Less than two weeks after U.S. President Donald Trump decided to withdraw U.S. forces from Syria, the Defense Department notified Congress that it had determined that supplies purchased for the Iraqi military would instead go to the Kurdish-led Syrian Democratic Forces (SDF), according to Al-Monitor.
The equipment included nearly 50 Humvees, 20 mine-resistant vehicles, 40 enhanced armament carriers and nearly 700 light anti-tank weapons, along with more than 2,400 mortar rounds, 25 mine rollers and dozens of charges used to destroy mines and other explosives, the Defense Dept. letters indicate.
A Pentagon spokesman would not confirm whether the supplies had been moved, citing government policy, according to Al-Monitor.
“Ensuring that the SDF are sufficiently equipped has been critical to the SDF’s hard-fought campaign to liberate the Middle Euphrates River Valley from [IS] control,” the spokesman told Al-Monitor last month.

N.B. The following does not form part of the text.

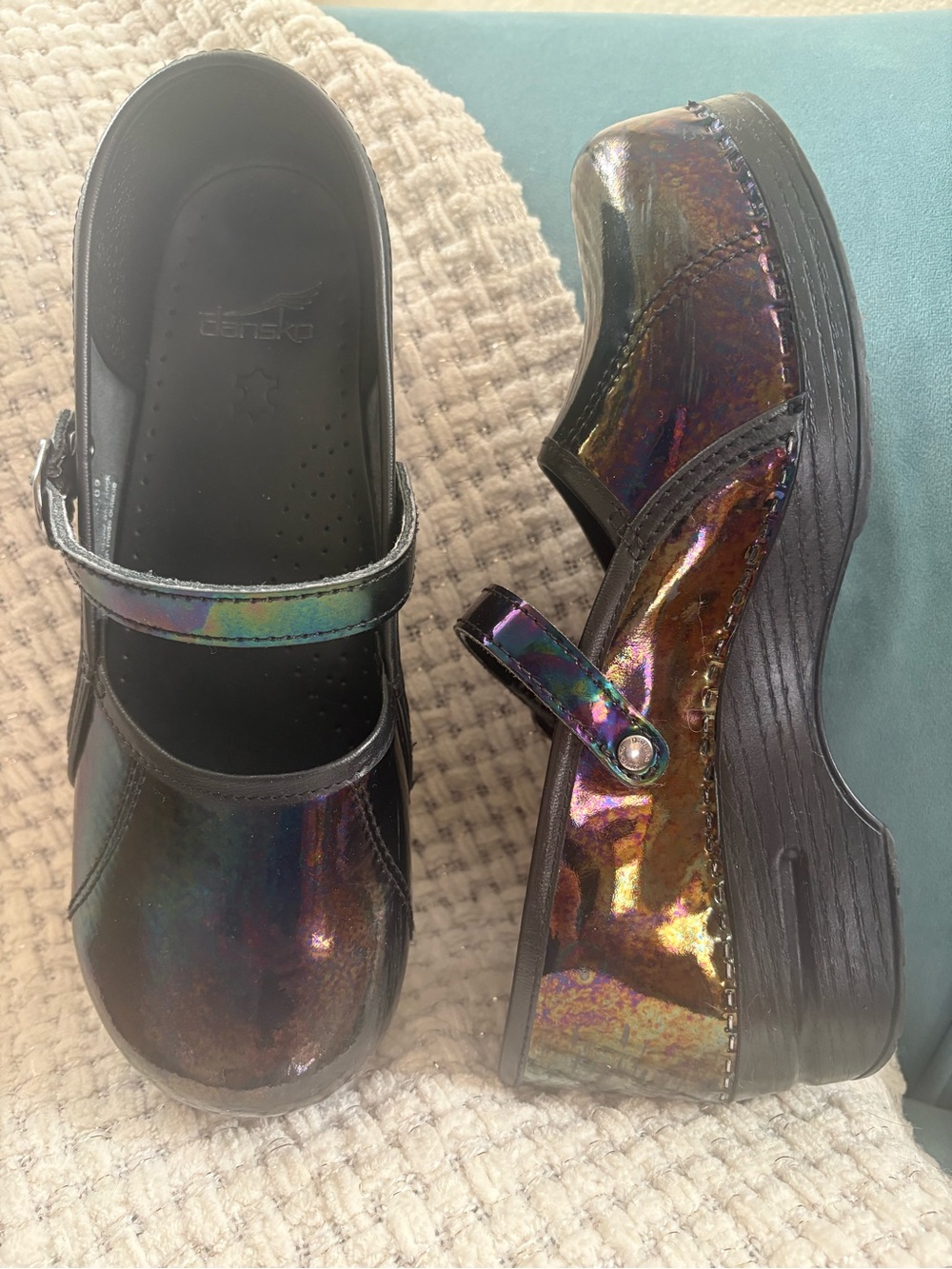 Dansko Black Iridescent Patent Mary Jane Clogs EU 41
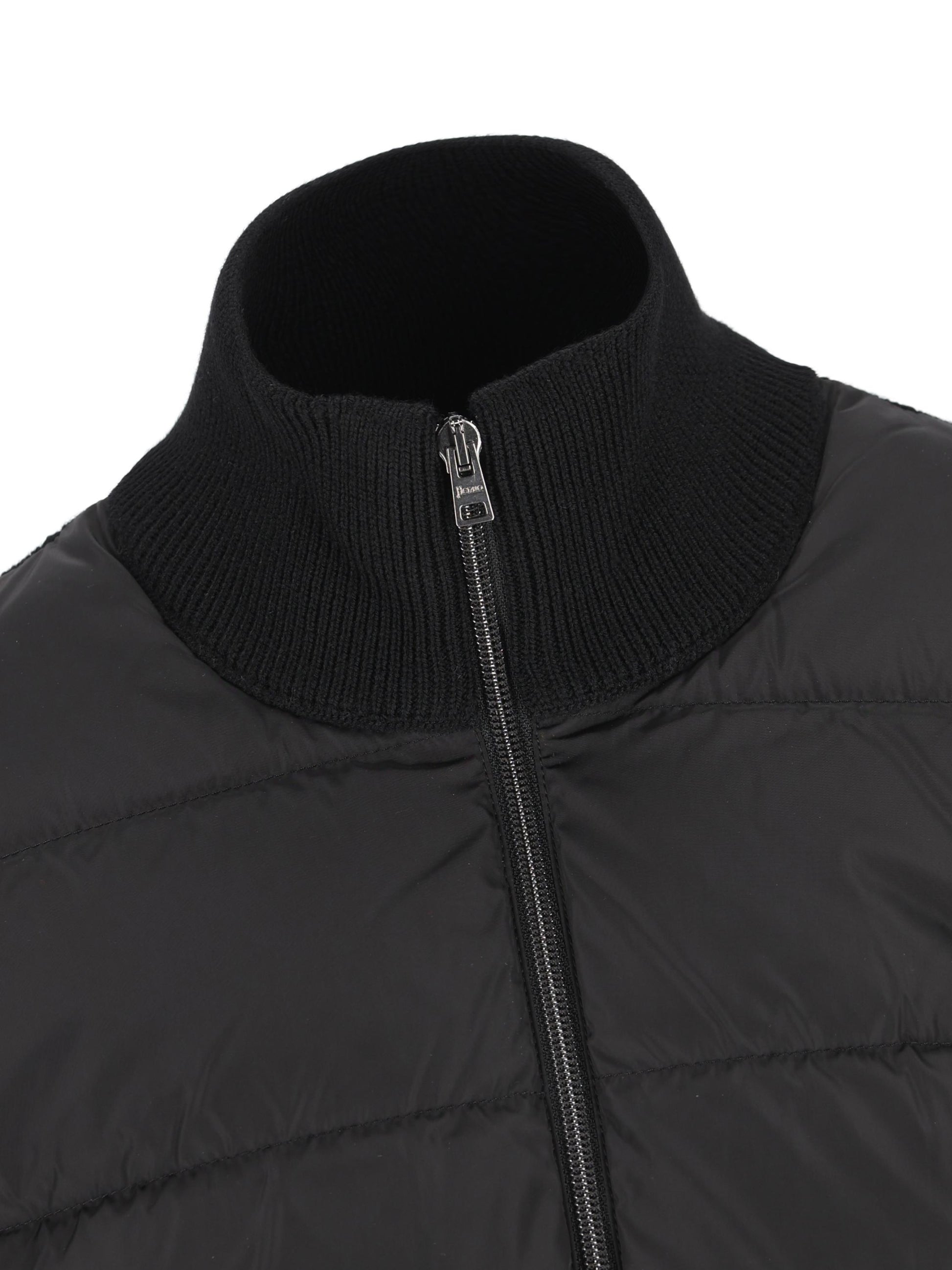 Cardigan realizzato in lana e poliammide. MP000126U 700619300 HERNO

The SDF is just days away from gaining control of the last holdouts of ISIS territory. The equipment would be helpful, “particularly to be able to overcome entrenched [IS] defenses” and vehicle-born improvised explosive devices, Nick Heras, a Middle East fellow at the Center for a New American Security, told Al-Monitor.
The U.S. equipment might also be helpful if the SDF faces a Turkish military assault, which Ankara has repeatedly vowed to do.